So I think we should all
just leave him alone because...
A lot of you are wondering
why I haven't told you about this before.
The reason is, well, I've...
I only found out a few months ago myself.
I was asking my grandpa
a whole lot of questions before he died,
and I kept this on my cell as a reminder.
You have to believe me, Simon.
Your father was a killer.
If the bomb had gone off in mid-air,
as my father intended,
it would have been the most devastating
terrorist attack of its time
and my father would have gone down
in history as a mass-murderer.
Except he wouldn't have gone down
as my father.
I would have disappeared
in my mother's womb,
along with all the other passengers
on board that flight.
I wouldn't be here to tell you the story.
How's that?
Have you told anyone else about this?
- That I'm making it up? No.
- Why not?
If my friends found out it wasn't true,
it wouldn't be the same.
What wouldn't be the same?
The feeling I get when I'm performing.
I mean, some parts of it
could almost be true,
- but in a different way.
- In what way?
Things about my family.
Stuff... Stuff I haven't thought about
for a while.
So, your father planted a bomb
on your mother?
Well, sort of.
- You live with your uncle?
- Yeah.
Does he know about this project?
- Are you going to tell him?
- I don't think he'd get it.
He wasn't really raised to be tolerant
about this sort of thing,
and his dad, my grandfather, he was...
He was a bit of a hard-ass.
- That could change.
- He died last spring.
Your uncle.
He might be more open-minded
than you think.
I wouldn't bet on that.
Well, there is a way to find out.
I came to apologize for yesterday.
That was wrong of me,
to embarrass a father in front of his son.
Is he here? Your boy?
He's in his bedroom doing his homework.
I wanted to explain
something I said yesterday.
It will only take a minute of your time.
All right. Why don't you come in?
So why did you come to
this part of the city?
I was just driving around
and I saw your decorations.
You were just driving around on your own?
I do that sometimes.
When I saw this public display
of your faith, it touched me.
I feel people staring at me all the time,
wondering why I would make
such a visible statement of my belief.
Where I come from, it's completely natural.
Here, it threatens.
And that surprises you?
Like a woman in a bikini
wouldn't threaten you people?
Us people?
Maybe people really should
stick to their own kind.
- That's how you were raised?
- Yeah, I was.
- And you're okay with that?
- Yeah, I'm just fine with it.
- Who is this?
- It's my sister.
She's a musician?
Yeah, she was. She died a few years ago.
I'm sorry. How did she die?
Car accident.
- Excuse me?
- Was she alone in the car?
No. The driver died, too.
Was he a friend?
Look, you said there was something
you wanted to explain about yesterday.
- It was about your son.
- Well, he's not my son. He's my nephew.
I raised him after my sister died.
I'm sorry I used the word "Jew"
yesterday. That's not what I meant.
The problem is not with the Jews and Christ.
It's with the Zionists.
Thank you. Thank you for making that clear.
Are you making fun of me?
Listen, your issues with Jews or Zionists
or whoever you happen to hate,
they have nothing to do with my life
or Simon's.
- That's how you were raised.
- Yes. That's exactly how I was raised.
What must have been going through
my mother's mind as she sat in that room?

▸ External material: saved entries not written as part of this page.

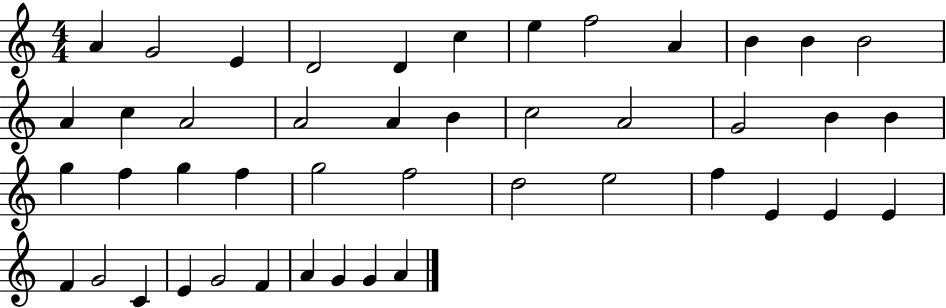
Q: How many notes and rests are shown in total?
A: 45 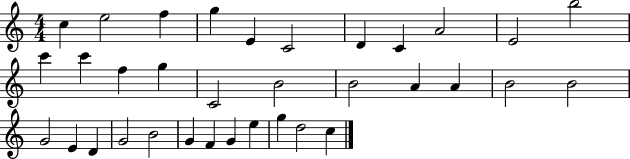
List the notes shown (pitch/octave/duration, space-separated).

C5/q E5/h F5/q G5/q E4/q C4/h D4/q C4/q A4/h E4/h B5/h C6/q C6/q F5/q G5/q C4/h B4/h B4/h A4/q A4/q B4/h B4/h G4/h E4/q D4/q G4/h B4/h G4/q F4/q G4/q E5/q G5/q D5/h C5/q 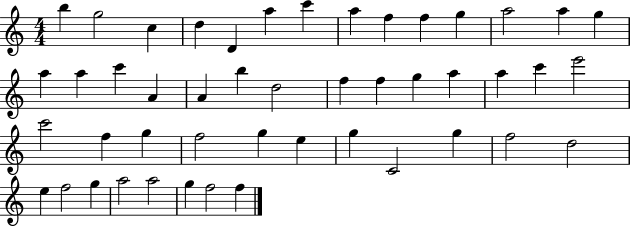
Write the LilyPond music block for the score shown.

{
  \clef treble
  \numericTimeSignature
  \time 4/4
  \key c \major
  b''4 g''2 c''4 | d''4 d'4 a''4 c'''4 | a''4 f''4 f''4 g''4 | a''2 a''4 g''4 | \break a''4 a''4 c'''4 a'4 | a'4 b''4 d''2 | f''4 f''4 g''4 a''4 | a''4 c'''4 e'''2 | \break c'''2 f''4 g''4 | f''2 g''4 e''4 | g''4 c'2 g''4 | f''2 d''2 | \break e''4 f''2 g''4 | a''2 a''2 | g''4 f''2 f''4 | \bar "|."
} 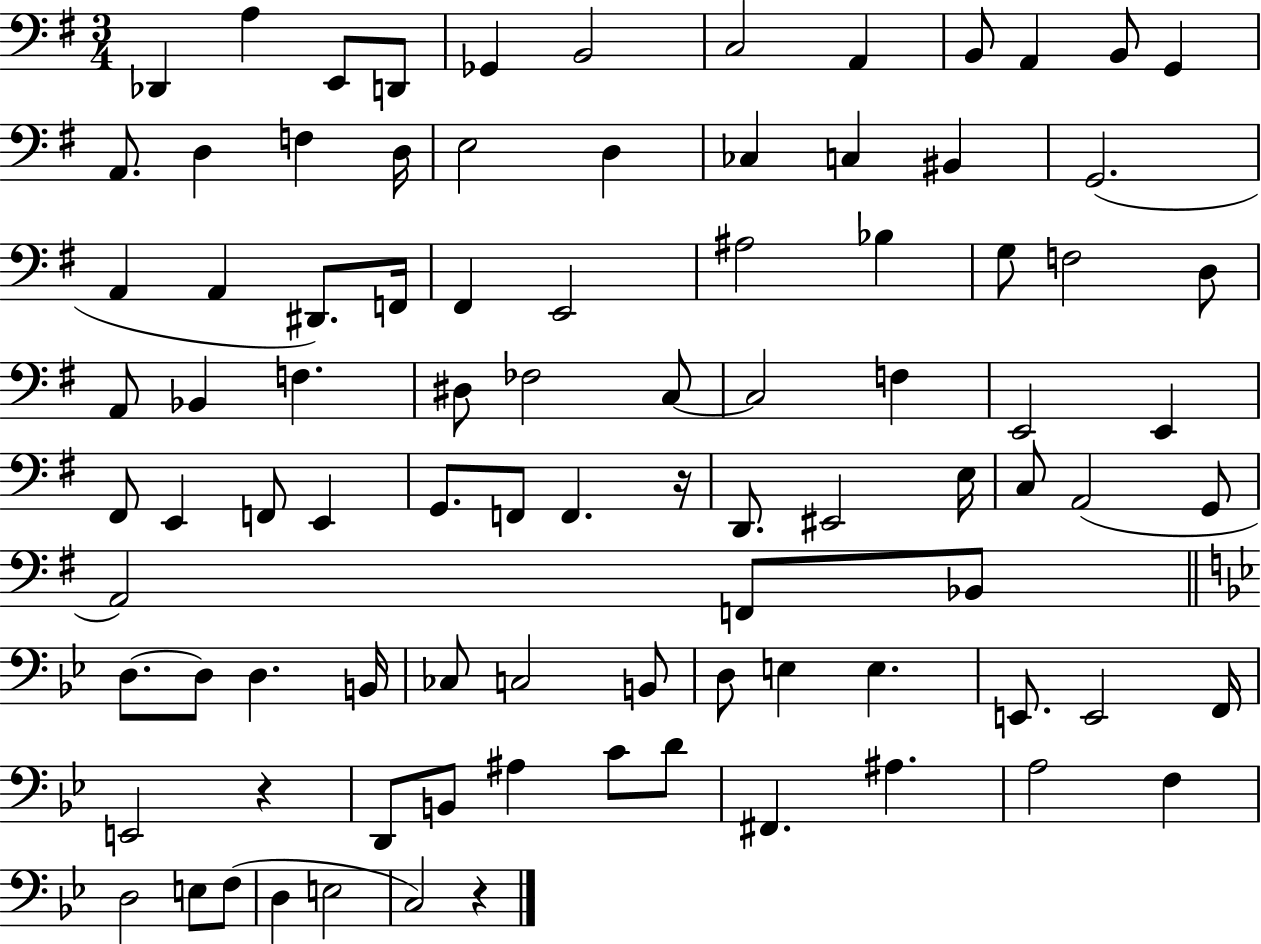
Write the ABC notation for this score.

X:1
T:Untitled
M:3/4
L:1/4
K:G
_D,, A, E,,/2 D,,/2 _G,, B,,2 C,2 A,, B,,/2 A,, B,,/2 G,, A,,/2 D, F, D,/4 E,2 D, _C, C, ^B,, G,,2 A,, A,, ^D,,/2 F,,/4 ^F,, E,,2 ^A,2 _B, G,/2 F,2 D,/2 A,,/2 _B,, F, ^D,/2 _F,2 C,/2 C,2 F, E,,2 E,, ^F,,/2 E,, F,,/2 E,, G,,/2 F,,/2 F,, z/4 D,,/2 ^E,,2 E,/4 C,/2 A,,2 G,,/2 A,,2 F,,/2 _B,,/2 D,/2 D,/2 D, B,,/4 _C,/2 C,2 B,,/2 D,/2 E, E, E,,/2 E,,2 F,,/4 E,,2 z D,,/2 B,,/2 ^A, C/2 D/2 ^F,, ^A, A,2 F, D,2 E,/2 F,/2 D, E,2 C,2 z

And at that point, she couldn't have been
aware of the monstrosity of the betrayal,
or what has come to be perceived
as a monstrosity.
You know, when he first found out
what had happened,
that she was pregnant with me,
he didn't want anything to do with it.
He tried to convince her to abort me.
My mother must have been crushed by this.
But then, a few weeks later,
he showed up to declare his love for her.
I want you to come with me.
Rachel, I told you before.
I'll be there in a few days,
- and my family will meet you there.
- They'll be upset.
- Why?
- I'm pregnant.
No, no. No.
A child is cause for great celebration
and joy.
They'll love you even more.
I can feel sorry for him,
but I can't feel any amount of respect or...
- Yeah.
... try to humanize anything he did.
I can only say, "Wow!
That kind of sucks that he was raised
"and he grew up
and he thought that he had to do this
- "to be enlightened. ' '
- Exactly. It's been
- implanted in his mind since the beginning.
- Or whatever he was thinking.
So that's the only way he knows to live.
So many things have been implanted
into all of our minds.
You know? Like, where did I buy this?
It's implanted in my mind to, like,
go get a good deal at, like, Nike and...
Exactly, which is our culture,
yeah, and that's...
I'm not trying to defend myself.
I'm saying that
that stuff is ingrained in our brain,
just like, you know, blowing up
stuff is ingrained in their brain.
- Exactly, but when it hurts other people...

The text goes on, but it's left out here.